─── Supplied material

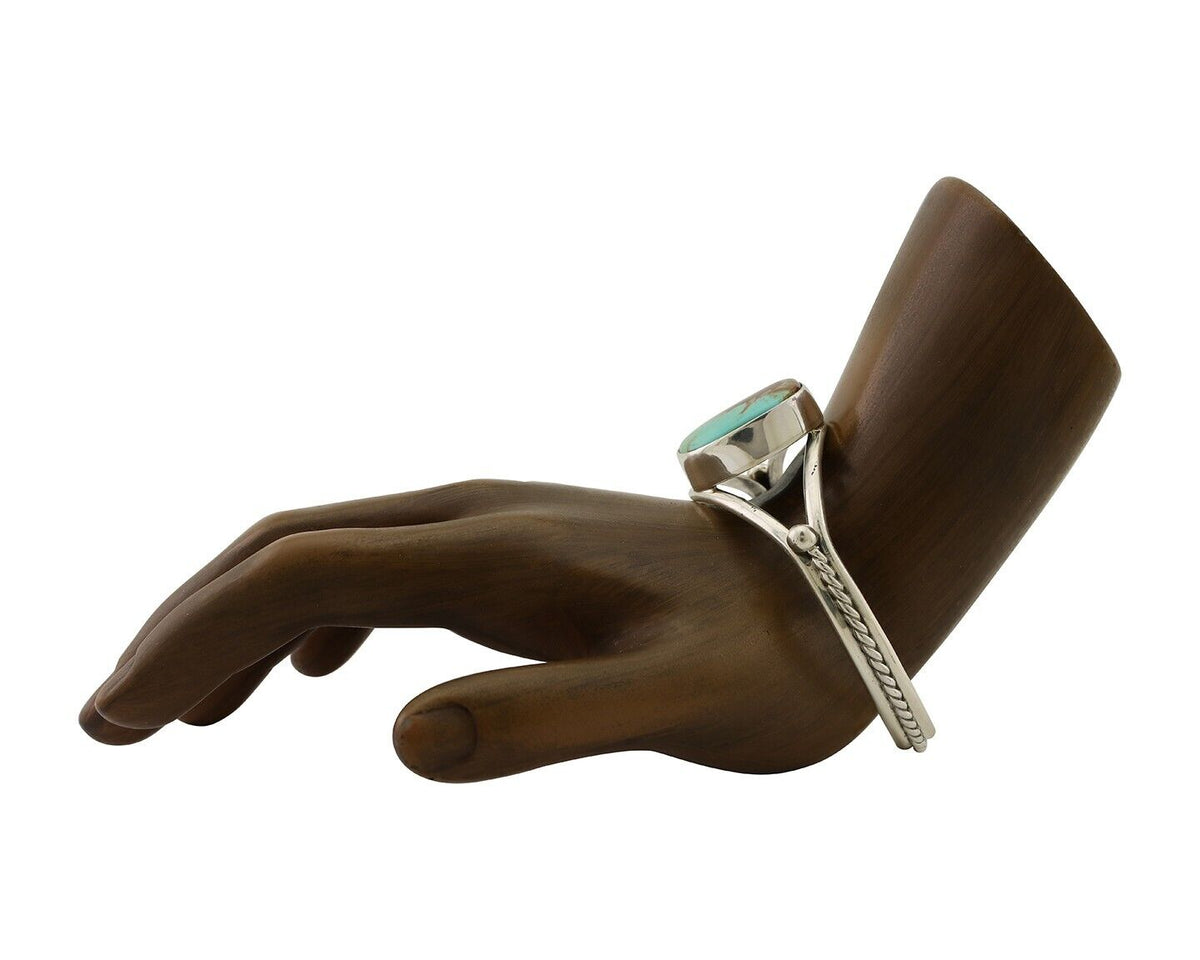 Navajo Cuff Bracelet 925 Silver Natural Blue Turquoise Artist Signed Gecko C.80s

──────
─── Supplied material

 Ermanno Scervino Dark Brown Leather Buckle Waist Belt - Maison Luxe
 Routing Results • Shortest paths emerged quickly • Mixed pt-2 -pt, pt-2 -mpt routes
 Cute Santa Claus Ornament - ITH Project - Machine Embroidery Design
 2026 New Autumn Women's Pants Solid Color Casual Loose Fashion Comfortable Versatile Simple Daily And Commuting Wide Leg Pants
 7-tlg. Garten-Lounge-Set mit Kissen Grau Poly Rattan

──────
─── Supplied material

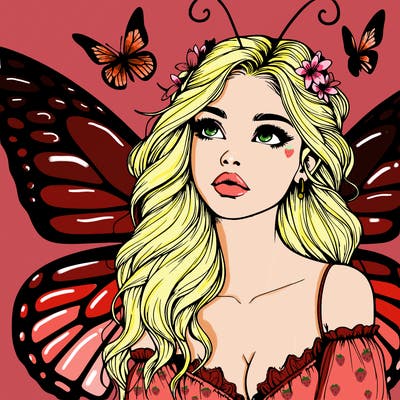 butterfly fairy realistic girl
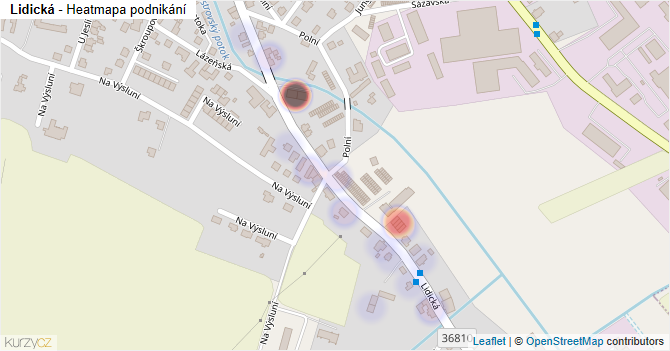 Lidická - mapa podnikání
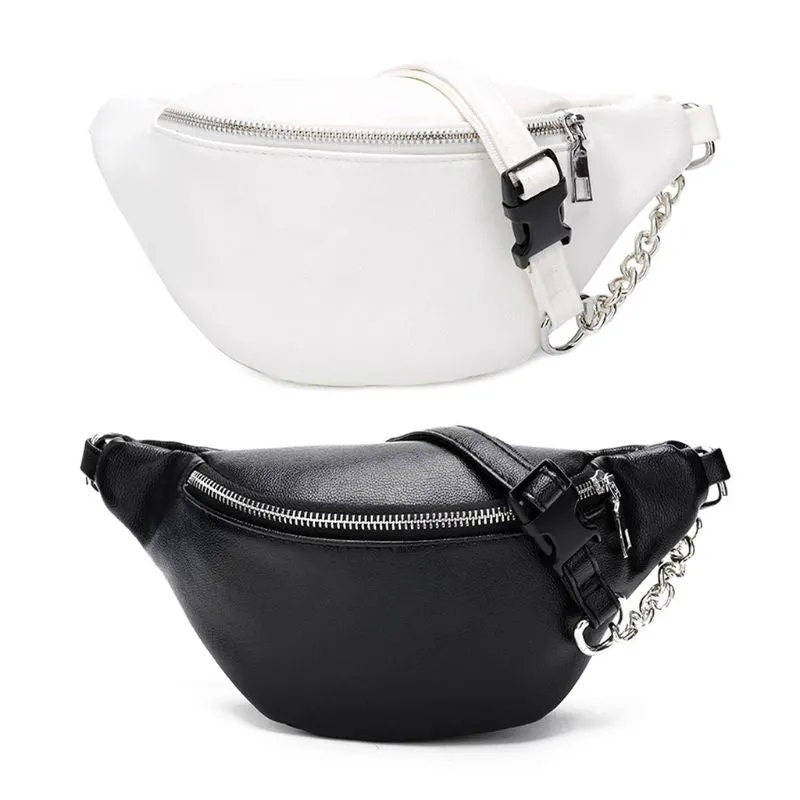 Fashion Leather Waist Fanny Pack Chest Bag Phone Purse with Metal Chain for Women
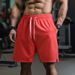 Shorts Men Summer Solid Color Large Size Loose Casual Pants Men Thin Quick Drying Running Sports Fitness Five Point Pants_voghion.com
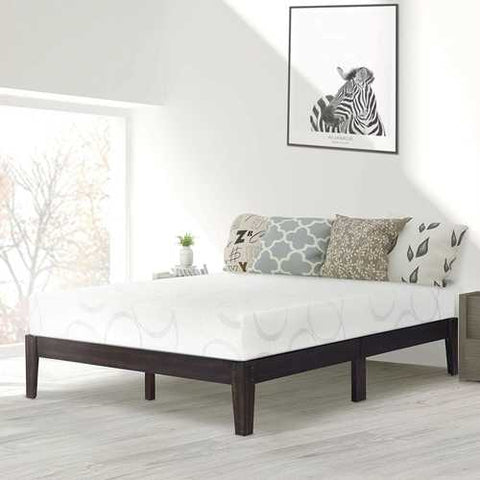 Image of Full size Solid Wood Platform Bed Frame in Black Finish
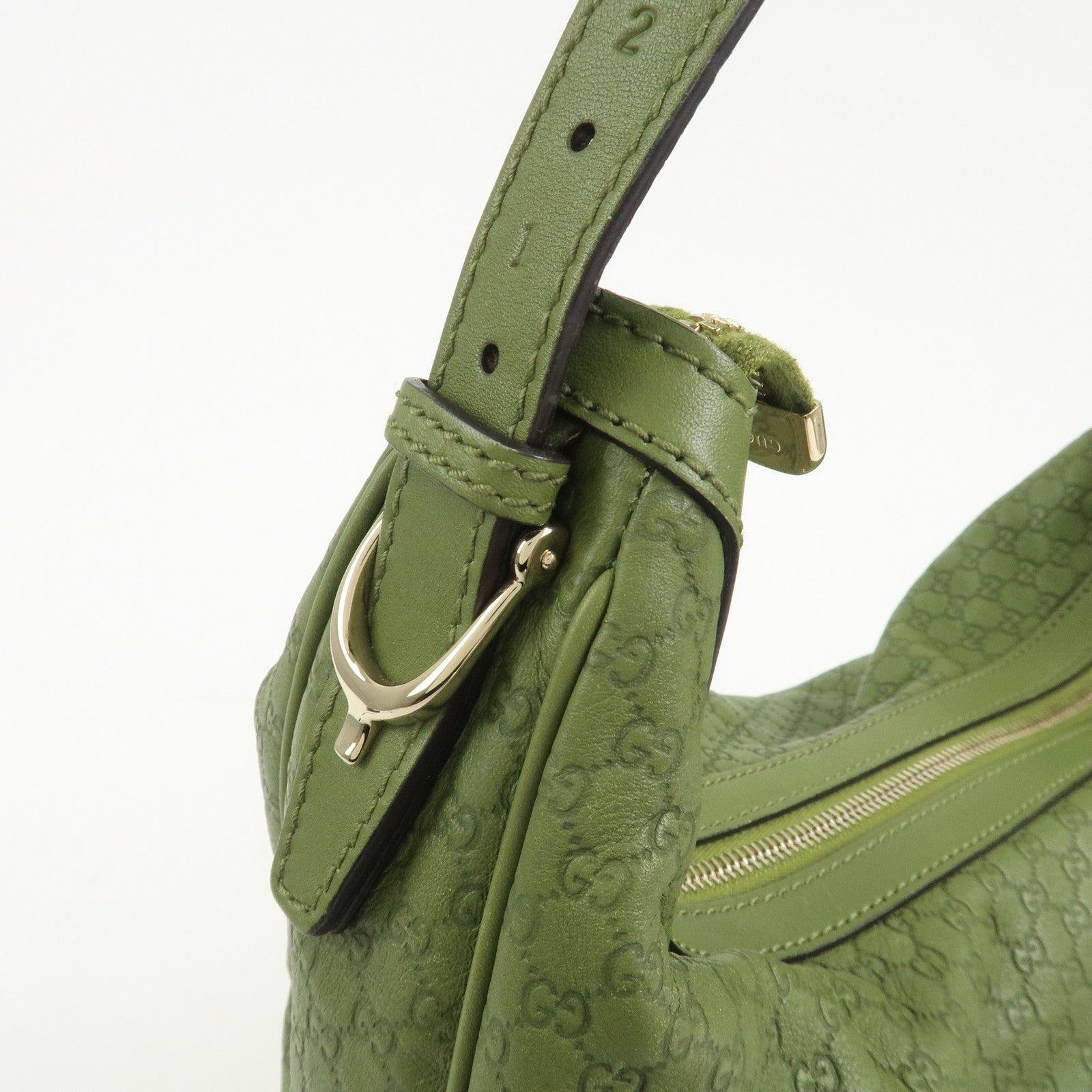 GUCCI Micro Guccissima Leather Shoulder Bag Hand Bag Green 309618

──────

--- Your task ---
Within the material above, transcribe exactly the lines that run from the line holding "Routing Results •" through the line holding "7-tlg. Garten-Lounge-Set mit".

--- Answer to the problem ---
 Routing Results • Shortest paths emerged quickly • Mixed pt-2 -pt, pt-2 -mpt routes
 Cute Santa Claus Ornament - ITH Project - Machine Embroidery Design
 2026 New Autumn Women's Pants Solid Color Casual Loose Fashion Comfortable Versatile Simple Daily And Commuting Wide Leg Pants
 7-tlg. Garten-Lounge-Set mit Kissen Grau Poly Rattan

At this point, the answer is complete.